A rising number of energy companies are guaranteeing tens of billions of dollars to construct the world’s leading floating constructions to exploit offshore gas fields due to dealing with increasing costs linked to constructing onshore gas plants.

Within 10 years’ time, roughly 6 floating processing plants are planned to be deployed on the world’s oceans, some weighing similarly to 6 aircraft carriers and equating to the length of 0.3 miles. Oil firms and ship builders are posing ideas of a plan that will convert the offshore gas division and decrease costs by up to a quarter.  Critics perceive this as an experimental and controversial technological “innovation” that can’t hit jobs and investment.

With the aim to allow former uneconomic exploitation of reserves, essentially the innovative technology aims to enable gas to be received in field’s too far off land for pipes. However critics are sceptical about the plans to utilise floating LNG platforms closer to shore instead of constructing a plant on land.

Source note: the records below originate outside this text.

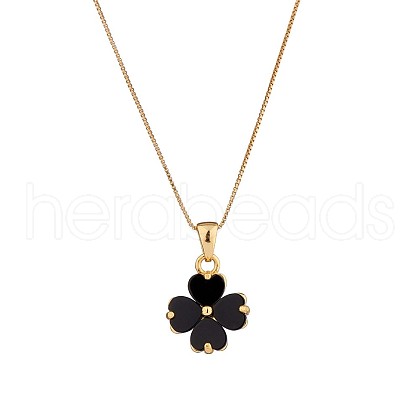 Natural Black Onyx Clover Pendant Necklace JN1077B-1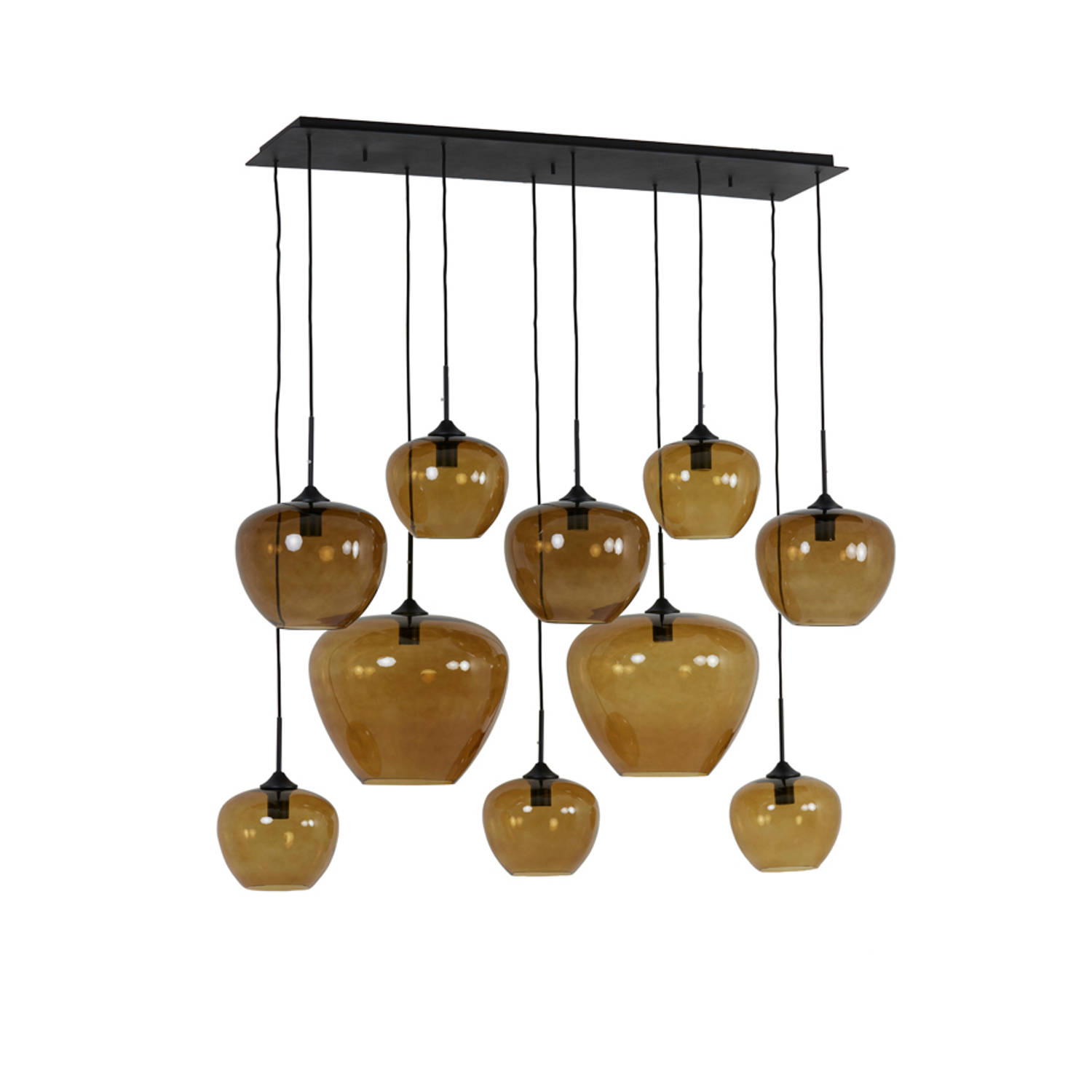 Hanglamp Meya 10-lichts bruin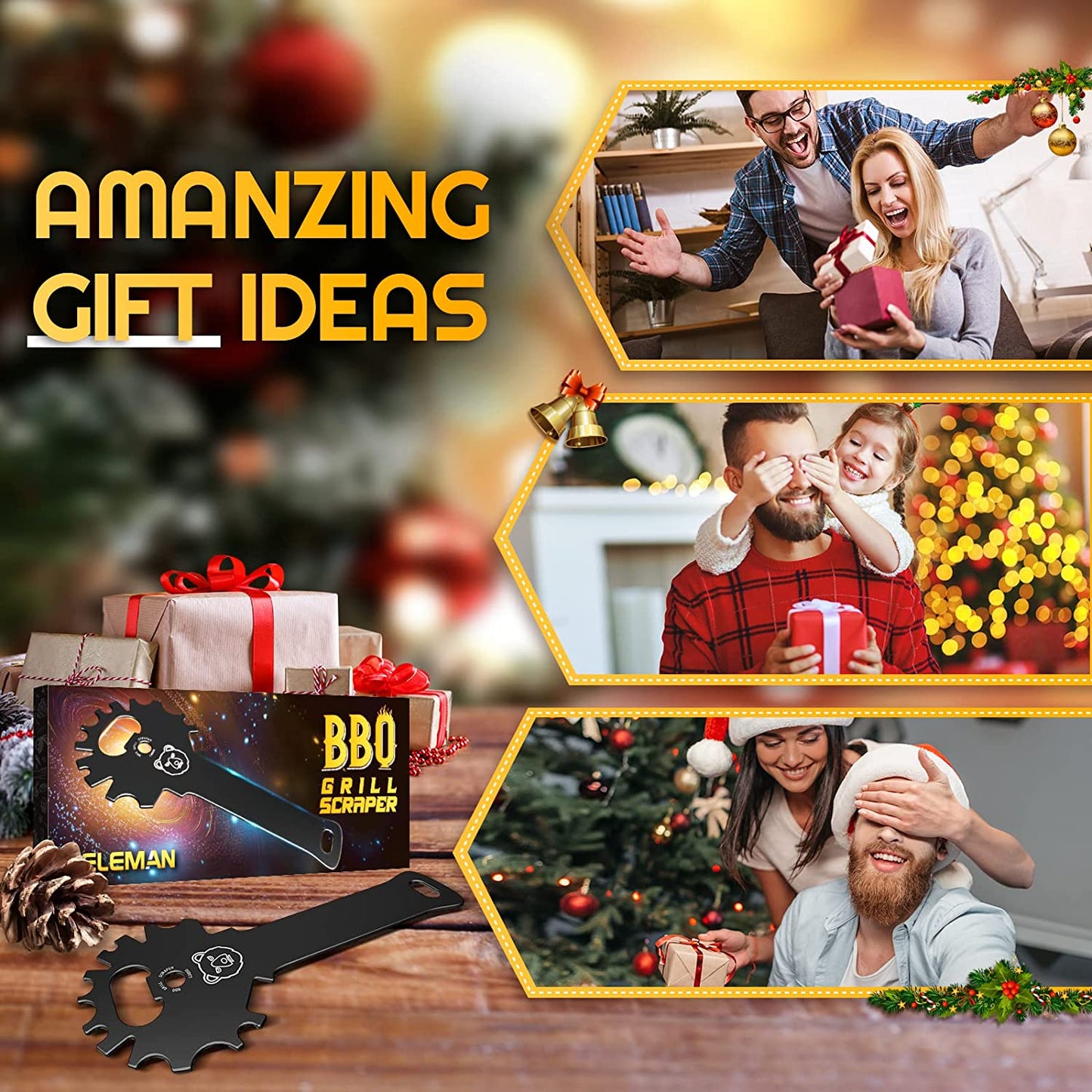 Valentines Day Gifts for Him BBQ Grill Scraper - Grilling Gifts for Men Grill Accessories Cleaner Scraper Cool Stuff Gadgets for Teens Adults Husband Dad Birthday Gifts for Men Women Kitchen Gadgets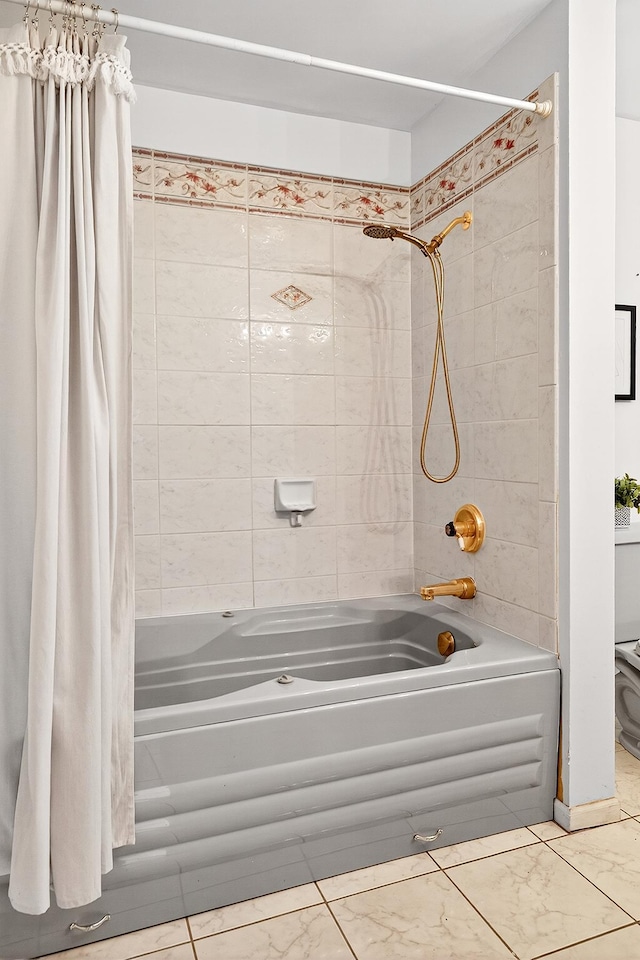 4716 30th Ave S, Minneapolis, MN 55406 - bathroom featuring marble look tile flooring and shower / tub combo with curtain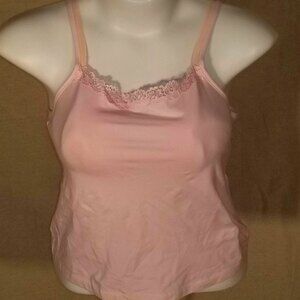 Pink cotton tank w/ flower applique & built in bra (40D)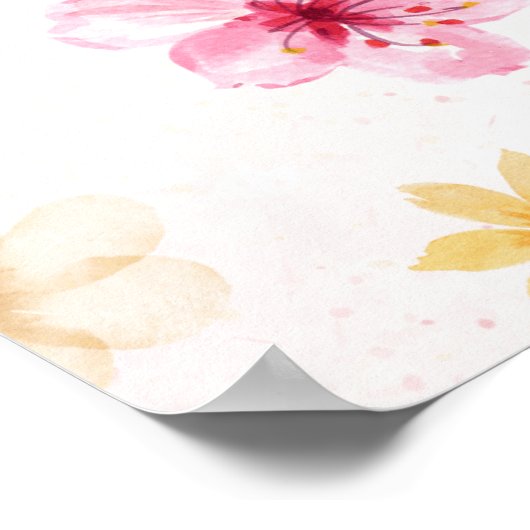 Gepersonaliseerde Zachte Waterverf Bloemen Naam Po Poster (Hoek)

In 2017 the first ever floating liquefied natural gas plant is due to launch in Australia. Unions are currently challenging and fighting this risk. This being done because the Unions see this as cheap foreign employment being utilised on a floating LNG platform in an isolated area that could basically pull up anchor and go elsewhere once a gas field is exhausted. This is being denied in the media and other mediums; it is argued that its $12.6 billion floating Prelude plant being constructed in South Korea to sit off Australia would mainly make use of local labour. Further arguments indicate that it’s going to be occupied by Australians, adding that 80% to 85% of jobs would be local based.  Unions are responding stating that local labours couldn’t only lose out on manufacture work for onshore plants, but once in operation a floating plant may potentially edge local labour laws.

In a circumstance that could potentially provide insight on how labour laws relate to rigs or floating platforms, a lawsuit has been created on behalf of four Filipinos in a Western Australian court claiming they were paid the same roughly amounting to A$3.10 hourly while functioning on an offshore oil rig, less than a fifth of Australia’s minimum wage of A$15.96. This lawsuit focuses on a disagreement over whether anchors or various lines fastening rigs and other floating production vessels to the seabed mean all labours should be subject to local labour laws.